Sure, but houses don't depreciate as quickly as you might think. There's a few reasons for this:
- Constructing a new building isn't as cheap as when the existing structure was built. For instance, my home cost about $15,000 to build 100 years ago. Today the structure itself is worth more than that. Inflation matters here.
- People maintain and improve their homes. New kitchens, roofs, flooring, furnaces, siding, etc. In essence you are rebuilding a home 1 piece at a time from the day it is made. If you don't then the house gets to a point it can't be lived in.
People who haven't looked at new build prices for 10 years are shocked at what it costs today.
Nothing you're saying is wrong, but it doesn't change the fact that the land is an order of magnitude more valuable than the building (I'm speaking broadly and for residential real estate).
We still have more lumber than land. In a very hand-wavy way we have more labor than land. The limiting factor is always what drives the price.
This is not accurate outside of a handful of broken housing markets. In Philadelphia[1] land is often 1/5 of the total value. There are definitely some parcels that are undeveloped[2] or underdeveloped[3], but most properties are more balanced.
[1] I chose Philly because of a good clickable property tax browser https://property.phila.gov/?p=881576550, and because it keeps separate land vs. improvement assessments.
Single-unit buildings close to downtown can have higher land costs. But single-unit buildings in single-unit neighborhoods are, again, around 1/5 land cost.
These are definitely better examples than you previously used. That said, I think the tax assessments don't accurately state the value of the land vs the building. I don't think OnlineGladiator is correct about the universality of >10x land:building, but I don't think you're right about ~0.2x in these neighborhoods either. I do think OG is correct about housing as an appreciating asset being primarily about the land value.
1) The nominal land cost has huge jumps up and down. From 2016->2017, all of these properties had their land value lowered 60-70%: $150k->$44k; $166k->$59k; $75k->$32k; $279k->$96k. I find it hard to believe that property prices swung that much, especially since the total appraised value remained constant.
2) The price of the land depends on the zoning of the land. A lot which can't be subdivided further or which can't have multi-unit housing will be constrained by what a single family is willing to pay for the lot. If you compare the last property ($140k land assessment / 19k ft2) to a smaller lot nearby [0] ($50k land / 2.4k ft2), you can see a huge difference in the land price per ft2: $6.7/ft2 vs $20.4/ft2. This price difference reflects legal constraints on what can be done with the lot. If the larger lot could be subdivided, it should be closer in price per ft2 to the smaller lot and would be worth ~$390k. If the total assessed value remained constant, that would be 1.25:1 for land:building.
3) Furthermore, the price of the building itself depends on the scarcity of housing. With plentiful land to build new housing, old housing loses value quicker. An old house in a constricted market has more value because it's existing housing on a scarce plot of land. Even though the value is assigned to the building, that building is more valuable because of the plot of land it's associated with.

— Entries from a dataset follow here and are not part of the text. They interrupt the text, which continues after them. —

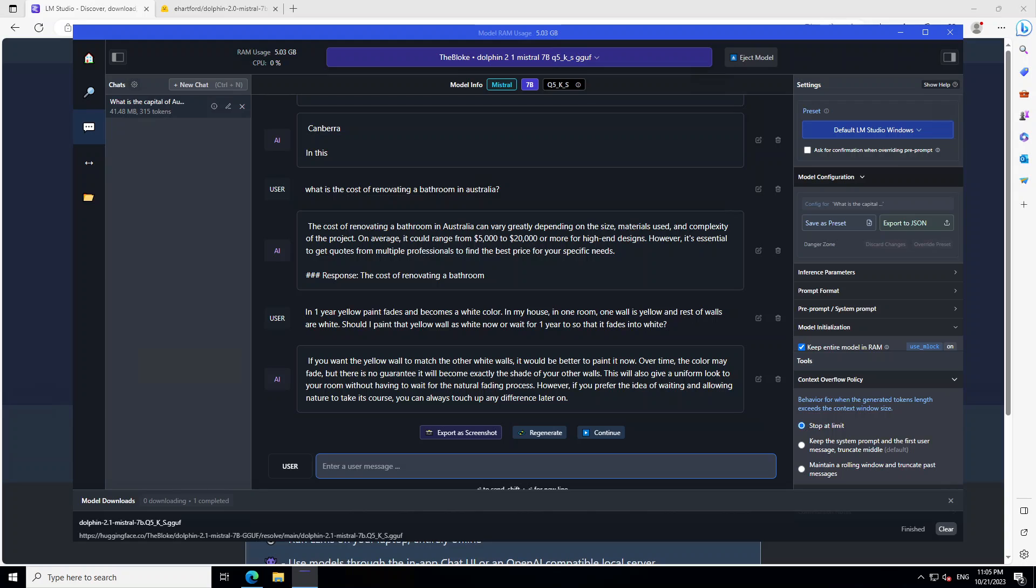Okay guys, it has produced the answer and you will be amazed by this answer. Look at this reasoning. The model is saying: if you want the yellow wall to match the other white walls, it would be better to paint it now. Over time, the color may fade, but there is no guarantee it will become exactly the shade of your other walls. How cool is that? And maybe scary too. And then the model is saying this will also give you a uniform look to your room without having to wait for the natural fading process. Just look at the reasoning this LLM has done. And then very diplomatically, it is also giving us the option that if you prefer waiting and allowing nature to take its course, then you can always touch up on any differences later on. How cool is that?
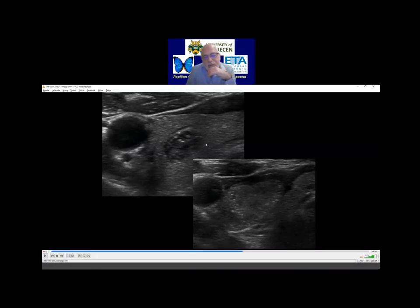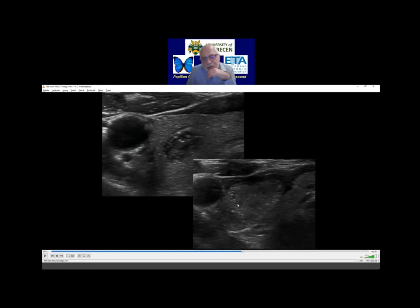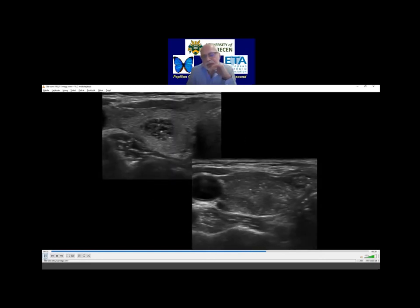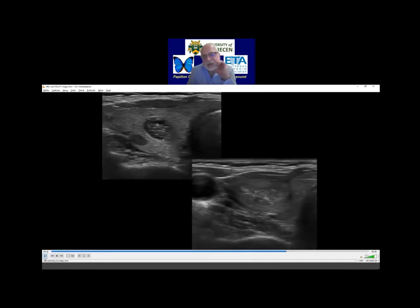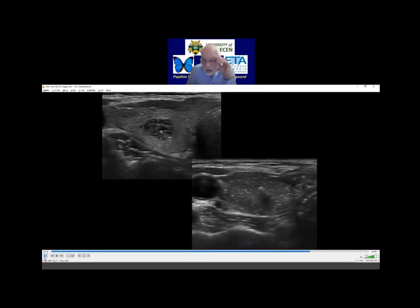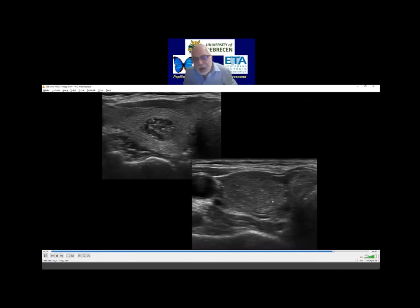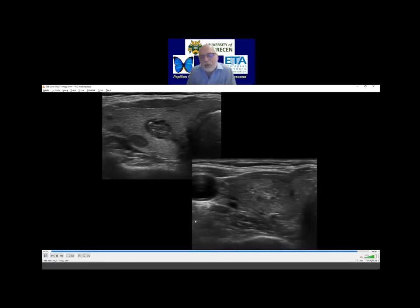If we compare this benign lesion — this patient underwent surgery — it proved to be a hypoplastic nodule, while the larger nodule proved to be a papillary cancer. And these figures in the larger nodule should be interpreted as microcalcifications, because histopathology disclosed that this large nodule contained numerous microcalcifications.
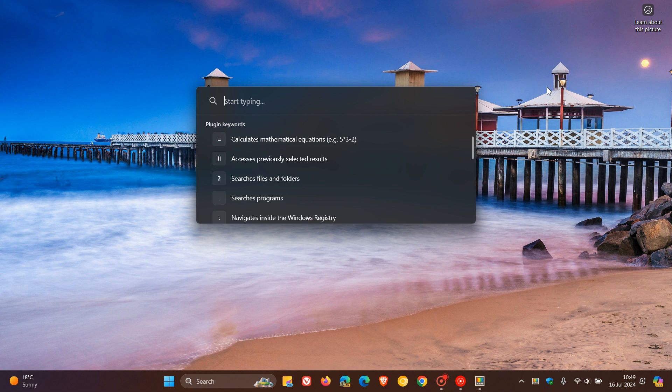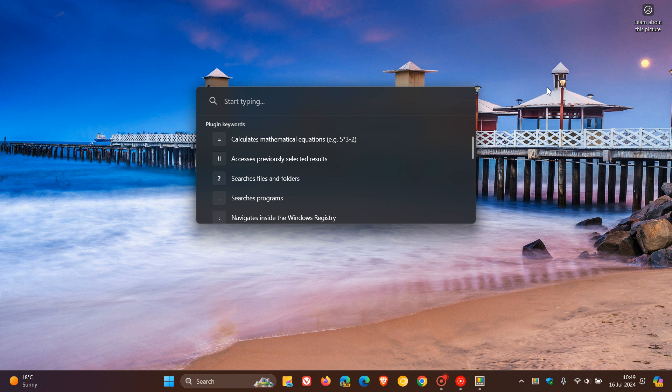They also fixed the installation issues that were causing Winget configure to not work correctly with PowerToys, and that's it.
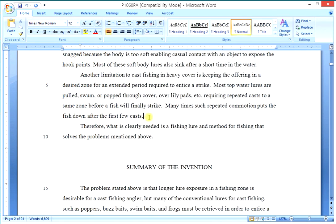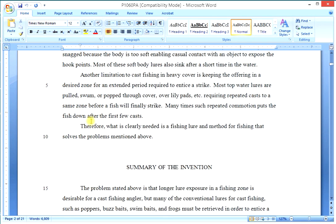At the end of that discussion of problems, we add one simple statement that says therefore what is clearly needed is. In this case we say a fishing lure and method for fishing that solves the problems mentioned above. This can be relatively abstract. Do not at this point go on with a lengthy description of your invention and how it solves the problems. That should be and will be done elsewhere in the patent application. All we need here is a very succinct statement that says what is clearly needed is whatever your invention is that solves the problems described.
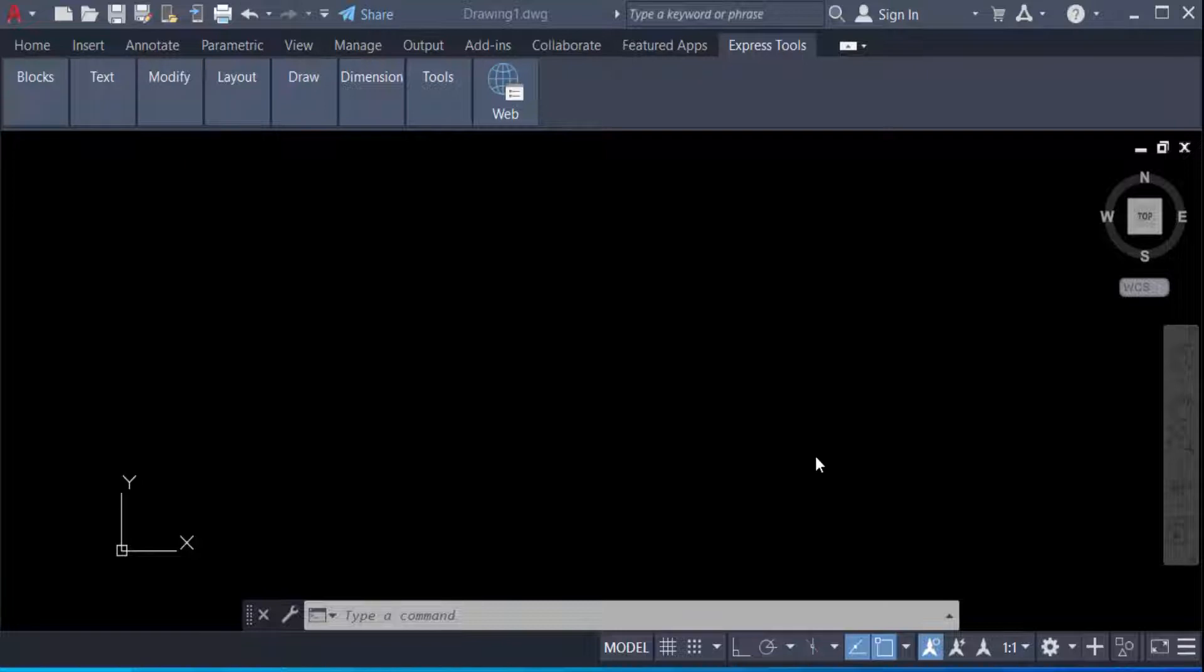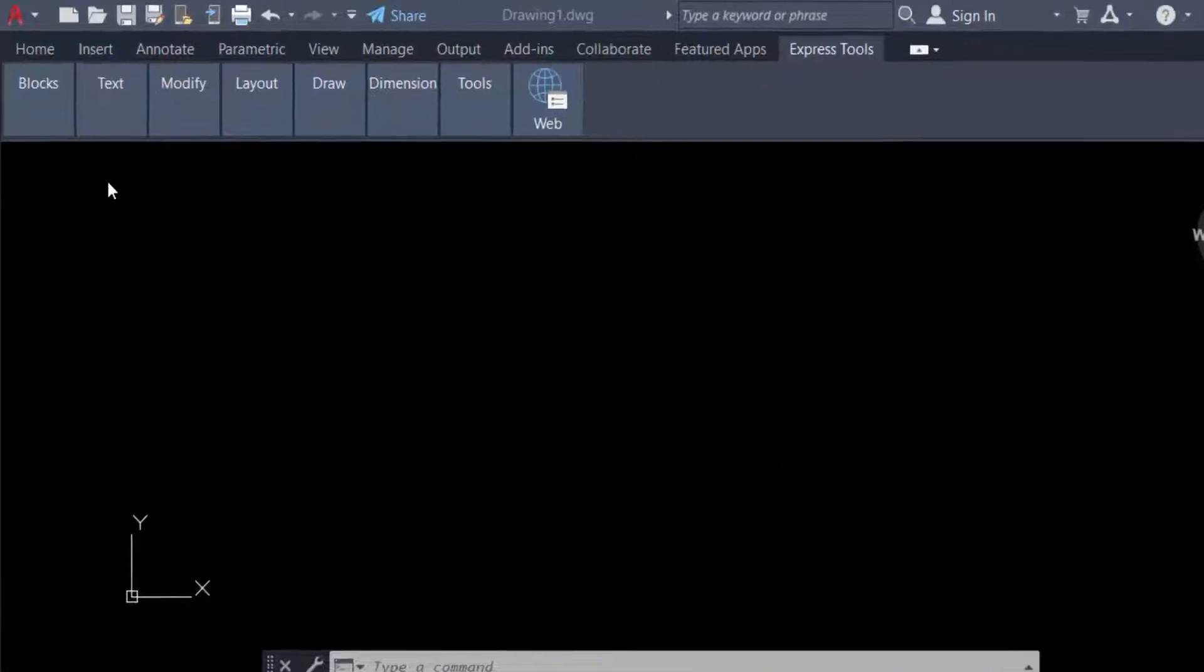Hello everyone, assalamualaikum. This is an AutoCAD tutorial and in this video we will learn how to change the background color in AutoCAD 2022. So let's get started. This is a quick tutorial and we have to go first to the A icon and then go to the Options.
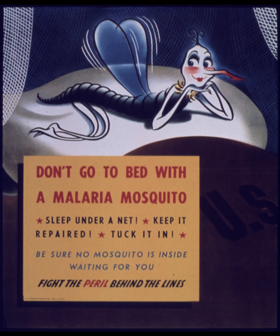3, 2, 1, 0, all engines running, liftoff, we have a liftoff, 32 minutes past the hour, liftoff on Apollo 11.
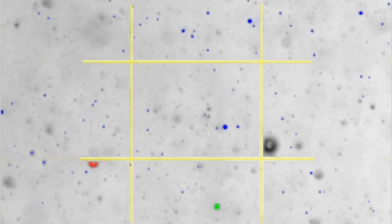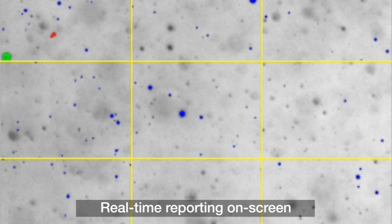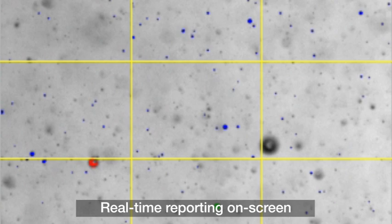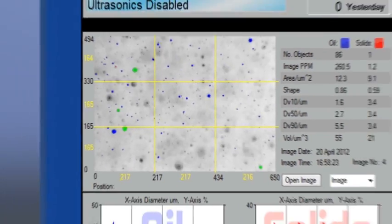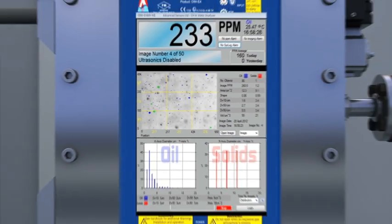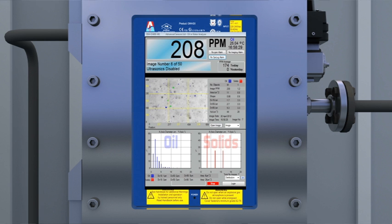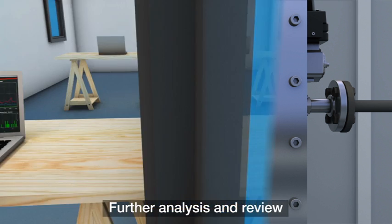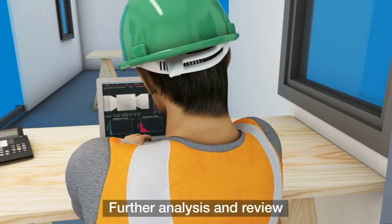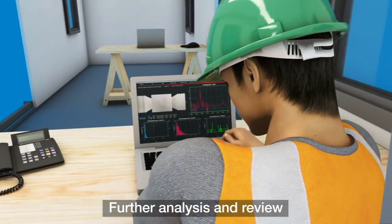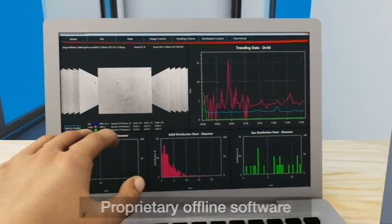As this process progresses, an accurate, detailed dataset builds and a clear picture of the water content becomes evident. All data is reported on the analyzer screen along with the fluorescent PPM measurement. Images are stored for further analysis or reprocessing.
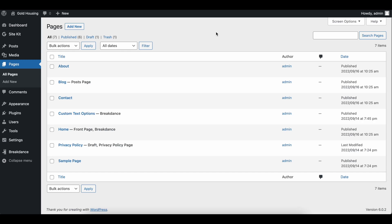Hey, this is Justin from GoldPenguin here, and this is the fourth video in a multi-part website series of creating a website in WordPress using the Breakdance Builder. Today we're going to be going over creating a hero page, which will introduce you to the different elements of building with Breakdance. Let's get right into that.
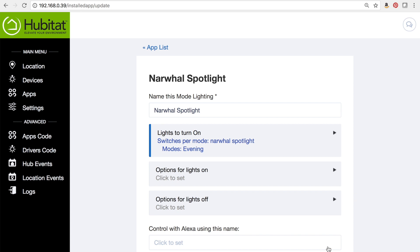At this point, our narwhal spotlight will turn on in the evening and then shut off during every other mode. But we have some options, so let's explore those.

I used to believe this and then I got into the area. It depends on the area of course but it turns out that the cost of the house is quite significant. House construction costs are $200-500 per square foot, putting even a medium-sized house at around a quarter of a million dollars. When you look at the costs of empty plots of land versus similar plots of land with houses on them, you'll see that the housed plots of land cost the same as the empty plots plus the construction costs of a similar-sized house. In the areas where I looked, the costs of the house dominated, such that the land value is about 20% of the total value of the plot. Even the variance that occurs at that level can be further explained by the value of potential future plots of land on the space -- a plot of land that has one house but could hold a second (for whatever reason) is more valuable than an otherwise-identical plot that can only support one house.
The bad outcome is the rich who are looking for alternate investments will buy up all the labor and materials and build construction for themselves and will build rentals. That's the bad outcome.
The awful outcome, and likely outcome is that the labor and materials will be bought by newly formed real estate companies that will build rental property that is ugly and expensive - because they control the market more and more as they merge into 2 super landlord companys.